Passo veloce e sguardo basso, per percorrere quanto più rapidamente via Eritrea. Ogni sera, quando esco dalla redazione e mi allontano dal centro storico, perdendomi in strade secondarie e più isolate, chiamo qualcuno al cellulare. "Ti disturbo? Sto andando in stazione, puoi tenermi compagnia?". Ormai è un’abitudine, perché ho capito che quando ti mostri affacendata ti importunano di meno. E quando invece sono sola e nemmeno il telefono può ’salvarmi’, il mio sguardo è rivolto verso l’asfalto, perché se si evita il contatto visivo si smorza in partenza qualsiasi tipo di approccio. Ma via Eritrea è così cupa e poco presiediata che il percorso, proprio in quel tratto, diventa una passerella fra uomini e commenti non richiesti: "Ehi bella vieni qua". Fanno finta di niente le donne: non si girano, non reagiscono, non rispondono. Ma non lo fanno per ’superiorità’, quanto piuttosto perché temono di essere aggredite poi. Ho visto come certi uomini osservano ragazze a volte così giovani che potrebbero essere loro figlie. Sguardi ossessivi, molesti.

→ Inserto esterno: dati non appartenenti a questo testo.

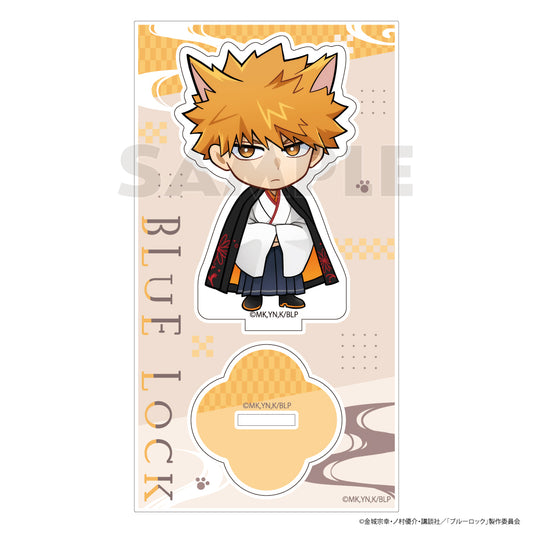 ブルーロック_アクリルスタンド（國神 錬介／和服ケモミミ）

Io, ho indossato una gonna una sola volta, poi ho capito che in questo posto è meglio evitare. Commenti irritanti prendono facilmente piede, piuttosto preferisco cambiare il mio modo di vestire. Ogni tanto, quando cammino, mi giro a guardare indietro perché temo di essere pedinata e derubata. Non è apprensione, a qualcuna è già successo.
Quando arrivi in piazzale Marconi però ti rendi conto che la situazione non è tanto diversa.

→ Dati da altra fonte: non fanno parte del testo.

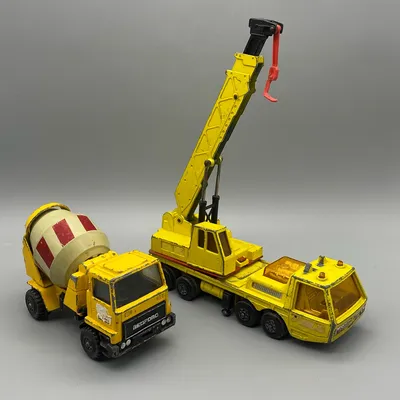 Модель автомобиля Matchbox K-12 Hercules Mobile Crane 1974 годMade in England 🏴󠁧󠁢󠁥󠁮󠁧󠁿 Продано Модель автомобиля Matchbox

C’è chi spaccia davanti gli occhi di tutti, chi urla e chi al passaggio ti scruta. Poi ci sono i tossicodipendenti che, seppure non direttamente, spesso diventano molesti. Come un ragazzo che quasi tutte le sera transita davanti all’ingresso principale della stazione: a volte con i pantaloni completamente abbassati, altre volte toccandosi le parti intime.
Scene raccapriccianti di una fetta di società ai margini, che allo stesso tempo spaventa, importuna e mette a disagio.